Pimpinan Kedua merasa mati rasa di sekujur tubuhnya, tangan dan kakinya lemas. Ketika mendengar apa yang Najwa katakan, dia langsung berkeringat dingin, dia buru-buru mendorong semua masalah ke orang mati di gudang kayu.
“Bukan aku, benar-benar bukan aku yang ingin bunuh kamu, dia, itu semua karena wanita jahat itu, dia tidak bisa menerimamu, aku sudah bunuh dia, juga bisa dianggap sebagai balas dendam untukmu…”

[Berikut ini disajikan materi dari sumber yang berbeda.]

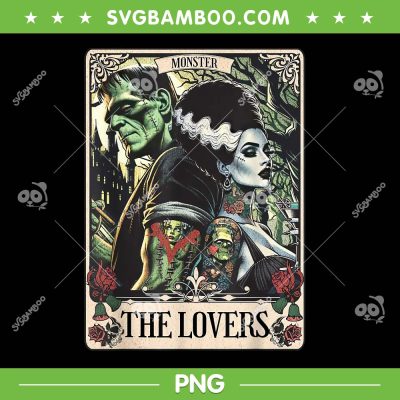 Monster Frankenstein And Bride Tarot Card PNG, The Lovers Tarot Card PNG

Suami istri akan meninggalkan pasangannya ketika berada dalam bahaya.
Najwa terlalu malas untuk mendengarkan omong kosongnya, dia bertanya langsung, “Siapa orang besar di Albuka?”
“Yang Mulia, Mawar.” Pimpinan Kedua juga tidak bodoh, melihat Najwa kembali, dia berpikir kedua pembunuh itu sudah terjebak masalah, awalnya dia ingin berkata tanpa berpikir, tetapi ketika dia melihat cahaya dingin di tangan Najwa, dia segera berubah pikiran.
“Ketika mereka datang, mereka bilang mereka diperintahkan oleh Yang Mulia, jadi aku hanya terima 20 koin perak untuk uang tutup mulut, tapi aku benar-benar tidak tahu orang di baliknya, hanya pernah dengar ayah bilang, sepertinya orang di Istana Utama.”
Istana Utama?
Adik perempuan Mawar adalah orang besar di Istana Utama.
Mungkinkah demi membunuhnya, Mawar bahkan menggerakkan adiknya?
Pada saat berpikir, dia mendengar suara ketukan pintu yang tergesa-gesa, kemudian diikuti dengan suara Pria yang dalam.
“Apakah Pimpinan Kedua ada? Kami dari Mansion hakim, kami di sini untuk menjemput Nona Kedua kembali ke Albuka.”